- [Try it] Leaving the pictures aside, transcribe the data below exactly.

- [Exercise data]
__________________________________________________

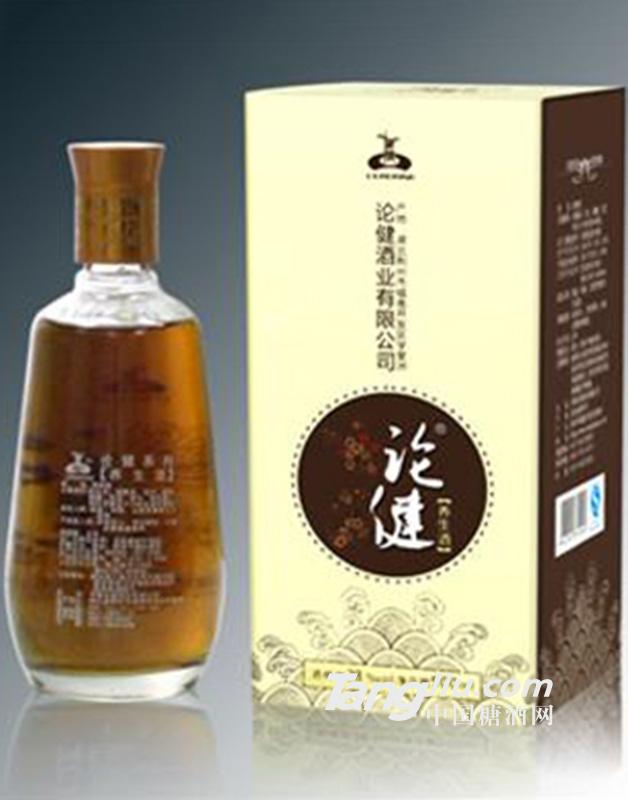 論健養(yǎng)生酒梅花500ml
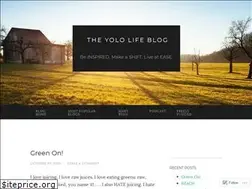 Sites similar to theyololifeblog.com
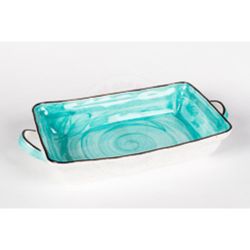 Блюдо прямоугольное 30*19,5*5,4 см 1900 мл с ручками   P.L. Proff Cuisine [1]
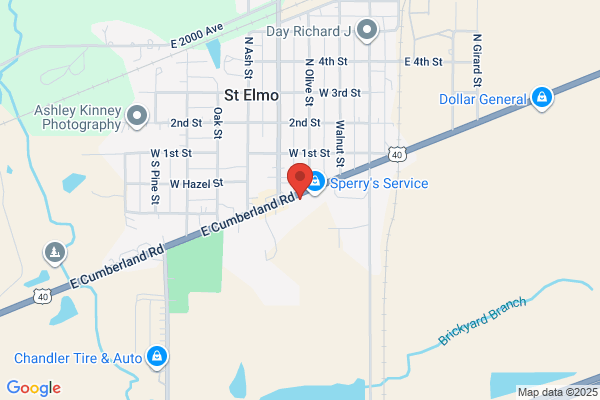 St Elmo Public Library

__________________________________________________

- [Response box]
 論健養(yǎng)生酒梅花500ml
 Sites similar to theyololifeblog.com
 Блюдо прямоугольное 30*19,5*5,4 см 1900 мл с ручками   P.L. Proff Cuisine [1]
 St Elmo Public Library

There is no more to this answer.